The Slovenia Times

EC okays sale of at least 50% of NLB by end of year


"The European Commission has concluded that Slovenia's aid for Nova Ljubljanska Banka (NLB) remains compatible with EU state aid rules on the basis of a new commitment package submitted by the Slovenian authorities on 13 July 2018," the Commission said on Friday.

According to the release, Slovenia has "firmly committed to an ambitious time schedule for NLB's sale with a first sale tranche of at least 50% plus one share by the end of 2018", after the first attempt to sell the bank under the commitments made to the EU in exchange for allowing the 2013 bailout was halted by the government last year.

To compensate for the delayed sale, Slovenia put forward additional compensatory measures in addition to "strict deadlines to complete the sale of 75% minus one share of NLB".
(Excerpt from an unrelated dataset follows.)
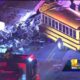 Mta Bus Accident Baltimore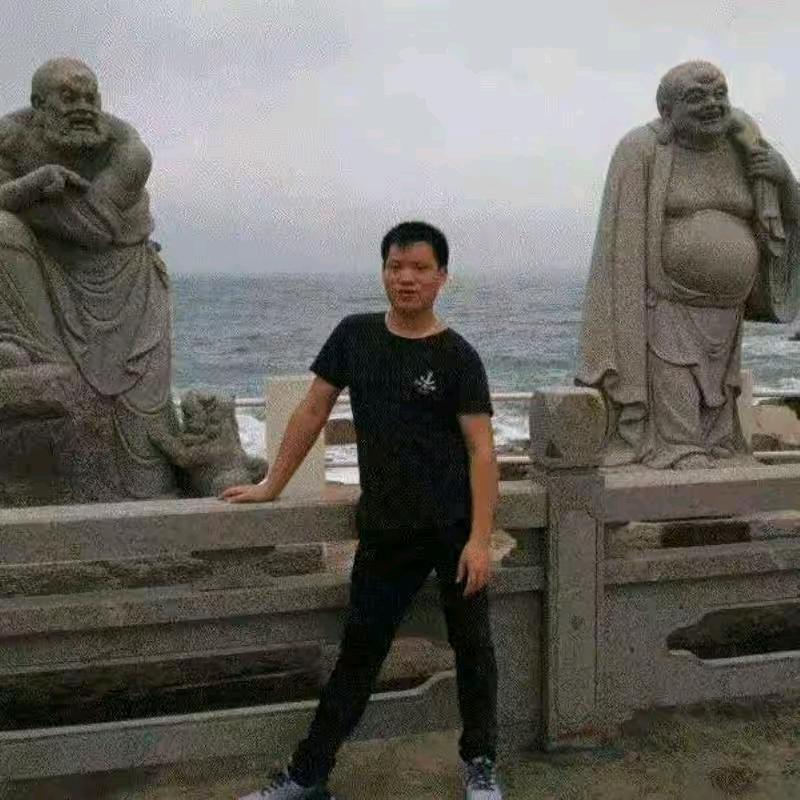 恋爱~无别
Should the country fail to respect the deadlines, a trustee will be appointed to complete the sales procedure, while the key existing commitments, including a ban on re-entering businesses the bank has sold as part of the restructuring and the ban on acquisitions, have been prolonged.

"An important commitment in this regard is the return on equity commitment, which ensures that NLB can only grant new loans if the bank receives a minimum return on equity on those loans," the Commission said, noting that this would help ensure the long-term profitability of the bank and limit undue distortions of competition.
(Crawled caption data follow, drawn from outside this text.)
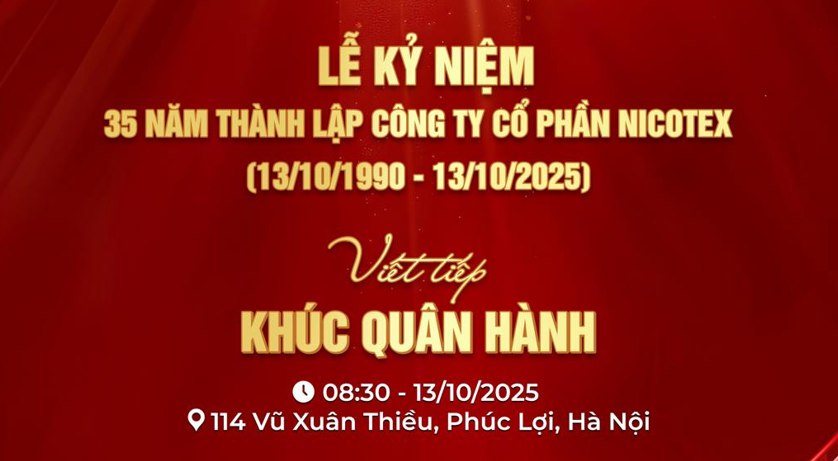 photo 2025 10 07 17 00 25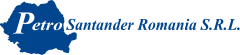 PetroSantander Romania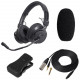 Audio-Technica BPHS2C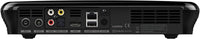 Thumbnail Humax FVP5000T 2TB Freeview Play Freeview Box - 39478055862495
Under the new package, Slovenia also pledged to close additional branches in Slovenia and to sell its stake in its insurance arm NLB Vita unless the full sale is completed by the end of the year.

NLB will also issue a so-called Tier 2 bond or subordinated debt, "to further remove any viability doubts".

According to the Commission, "the new Slovenian commitment package is sufficient to remove the Commission's doubts concerning the long-term viability of NLB and distortions of competition to the Slovenian banking market".

European Competition Commissioner Margrethe Vestager welcomed the decision, noting that "the sale of NLB was an important remaining milestone of NLB's restructuring plan, which allowed us to approve over EUR 2bn of state aid to the bank in 2013".

According to her, Slovenia's commitments and today's decision ensure "that the bank will be a viable long-term player in the Slovenian banking market."

Slovenia sent the new proposal to Brussels in July, after the Commission had launched an in-depth investigation to assess whether Slovenia's proposed measures sufficiently compensated for delaying the sale beyond the end of 2017.

In the meantime, privatisation procedures have already been launched to sell the bank via an initial public offering (IPO). According to unofficial information, they are expected to be finalised on 14 November when NLB shares will be listed on the Ljubljana and London stock exchanges.

It is in the Commission's and the state's interest that as much shares as possible are sold in the first go to avoid doubling the costs and the risk of a lower price in a potential second stage, planned by the end of 2019.

The procedure is expected to be conducted in a similar way as it had been planned in the initial attempt last year, before the government halted the process over fears that the unresolved issue of claims in Croatia stemming from Yugoslav-era deposits of Croatian citizens with the defunct Ljubljanska Banka (LB) would lower the price.

To ensure a better price in this attempt, the National Assembly passed in July a bill that shields NLB from those claims. According to the Finance Ministry's assessment, the law shielding NLB from Croatian claims saved at least EUR 700m.